Pointing to a magazine on a bedside table, “I’m planning a trip, going to sail around the world.”
Following a brief pause, “I know this must be hard to accept, but you are dying.”
“I have been looking at sail boats,” he continued, “I learned how to sail when I was coming up.”
Silence. Then, “Perhaps we should talk about what’s happening right now.”
Once again pointing to the magazine, “Can you hand me that? I’ll show you sailboat I’m thinking about getting.”
And on and on it went.
As a grad student, I’d learned about resistance and denial – according to Freud, “the violent and tenacious” rejection of the therapist’s efforts “to restore the patient to health, to relieve him of the symptoms of his illness.” It was the challenge of therapeutic work, the precursor to being able to help.
To me, however, it seemed like torture. “I don’t get this,” I said to the group, “He’s dying.”
“The point,” our supervisor responded, “is to help him address this, and take care of what needs to get done before he dies.”
“And what if he doesn’t?” I thought to silently to myself, “What’s the worst that can happen? Either way, he’s dead.”
The interview dragged on for another 15 minutes or so. I just watched, feeling helpless. After all, at the time, I didn’t have any alternate suggestions for what to do – something that wouldn’t be seen as participating in or perpetuating the man’s … “denial.”
Next morning, I learned the young man had died during the night. It took my breath away. Then, as now, I felt we really missed … the boat.
Paddy Murray says
Maybe just loving and holding the man as he passes over is all that can be done. Going with his dream of sailing, going into the sunset of his dream, like the ferry man’s journey across the river Styx. The therapist is not god, just an angel.
Thomas Marsden says
That’s a lovely story, and a poignant reminder to myself as a therapist that we can sometimes get lost in our own agenda. It would have been nice if the graduate student talked about the different boats and what the man liked about them and so on.
Jayashree says
My thoughts exactly! Help him visualize his unrequited dream.
Lawrence Moloney says
A painful but wonderful story Scott.
One of my ‘rules of thumb’ is to go where the energy appears to be.

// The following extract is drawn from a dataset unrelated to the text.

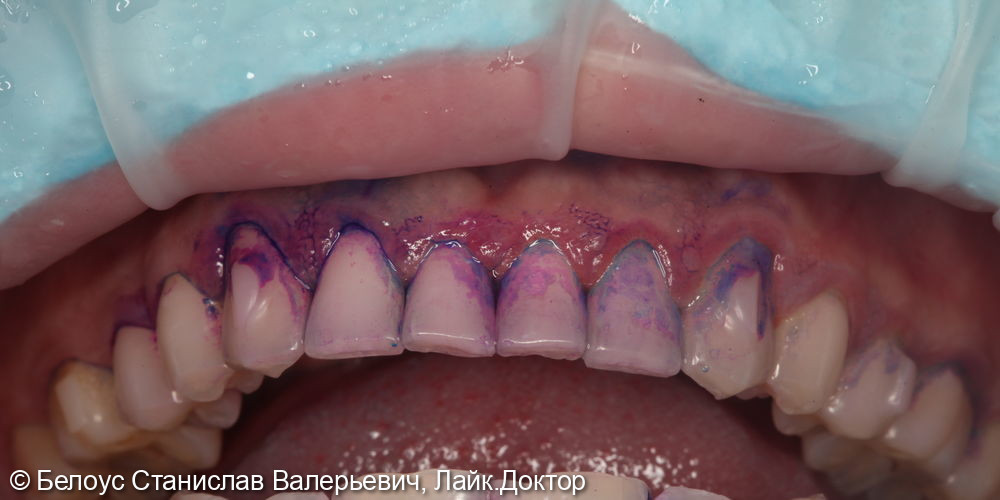 Гигиена полости рта по швейцарскому протоколу GBT - фото №5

It’s based on another working hypothesis that the client knows best
I hope this young man died dreaming of the boat he wanted to purchase.
Maddie says
Thanks for this. It’s very real. I’ve actually been in that exact position – trying to figure out what my role is as a counselor with someone who is likely to die soon. I don’t know that there is an easy answer, actually, but I see your point.
Tom Hofmann says
As a master’s student in 1982, I was in a huge seminar with community therapists, my professors and fellow students given by Bill O’Hanlon. In confusion at one point, I asked “What about resistance?”
Bill instantly got a look of concern, walked down off the podium and walked all the way to me, and with an increasing look of compassion said : “Oh, you haven’t heard!?Resistance is dead.” I was flooded with embarrassment but it provided a good starting story to students and supervisees through the years.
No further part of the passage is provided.